Musa Özateş isimli arkadaşımıza is konuşma tarzından dolayı bir şey diyemiyorum. çünkü hakkım değil. ilk mesajıma ki şiddetin sebebini anlayamadım bir tepki ile :
biz böyle hareket çok gördük baykal sizlere birkaç vekillik verir herşeyden vazgeçer kaynur gidersiniz
ayrıca akreplerle yılanların kavgasından bize ne
biz aleviyiz bunu artık bilin yolunuz açık olsun
demesi. verdiğim cevaba hitaben Tersine dönüştürmek baykalı iktidara getirmek olacaksa yada başkasını bu tersine çevirmek olmaz sayılmaz onların farkları çok azdır tabiri ve uslup hakkında bir kaç irdeleme yapmak gayretindeyim. sağolsun arkadaşlar hoşgeldin tadında cevaplar yazdılar. ama herkesin tarzı ve kişilere yaklaşımı aynı ölçüde olmuyor. yanlız dikkat edilmesi gerekn şu başlıklara dair bişiler söylemek istiyorum.

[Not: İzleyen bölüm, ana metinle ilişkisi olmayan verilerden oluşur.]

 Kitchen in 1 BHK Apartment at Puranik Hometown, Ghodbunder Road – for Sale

Laikliğin ne olduğunu ve sınırlarını yasa metni ne geçirmeden laikliği desteklemek bizim anlayışımıza uymaz,diyanet varolduğu sürece laikliğin tüm tanımlamaları YAMUKTUR anlaşılan o ki günümüz siyasetçilerin laik anti laik sürtüşmesinde bir taraf olma çabasındasınız. ama biz değiliz. bu tanımlamalar ülke menfaatleri ve yaşanan yoksulluğun ne çözümüdür ne de temeli. yaklaşık 100 yıldır süren laisizm ve sekürelizm çekişmesinden bilmem farkındamısınız ama ekmek yiyen bir kitle oluştu. laik ve anti laik yönlendiriciler ve tarafları bu ülkeyi zerzele eşiğine getirmekten başka bir işlev yapamadılar. biz laikliği cumhuriyetin altı ilkesinden biri olduğunu ve diğerlerinden üstün olmadığını önemle vurgulamak gayretindeyiz.

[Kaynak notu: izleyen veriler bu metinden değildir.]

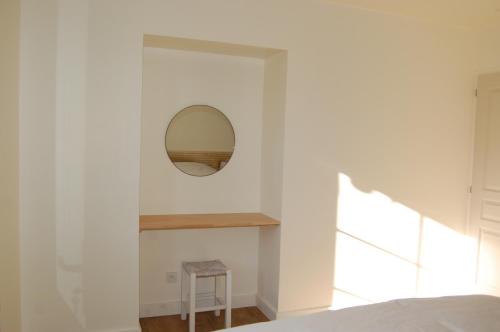 Postel nebo postele na pokoji v ubytování Gîte de l'Échaudi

Din kendi gerçek eksenine oturursa bu sorunların hepsi ortadan kalkar mümin münafıktan ayrılmış olur.Bu yüzden ülkemizin 12 imamların bilgisine ihtiyacı vardır. buna yürekten katılıyorum. yanlız dikkat edilmesi gereken husus ve korkulması gereken husus herkesin sizin gibi yahut maneviyatı güçlü olan insanları gibi bu işin hassaietini bilemeyeceği bu sebeple siyasetin içinde sapla samanı ayıramayanların elinde kirletimesi endişes içinde olduğumuzdur.

bu iki örnek ile irdelemeyi kısa tutmak gayretindeyim. sitem ettiğiniz konuların çoğuna aslında parmak bastığımızın farkında olmanızı temenni ederim. şu unutulmamalıdır ki insanların gönlünü 12 imam sevgisiyle doldurmak büyük ve onurlu bir iştir. bu dönemin siyasi şartlaında yok sayılarak bunu gerçekleştirmek güç hemde çok güçtür. toplumsal dönüşüm hareketi de hak ve eşitlik ilkesinin dünyevi ortamında layıkıyla sağlanmasını baz almaktadır. istediğimiz yeni bir şeyleri dinletmek, farklı olduğumuzu vurgulamaktır. ayrıca unutulmaması gereken bir şey daha vardır ki karşıdakini dikkatli dinlemek alında bir çok noktada aynı şeyleri söylediğinizin farkında olduğunun farkına varmaktır. herkese saygılarımı sunuyorum.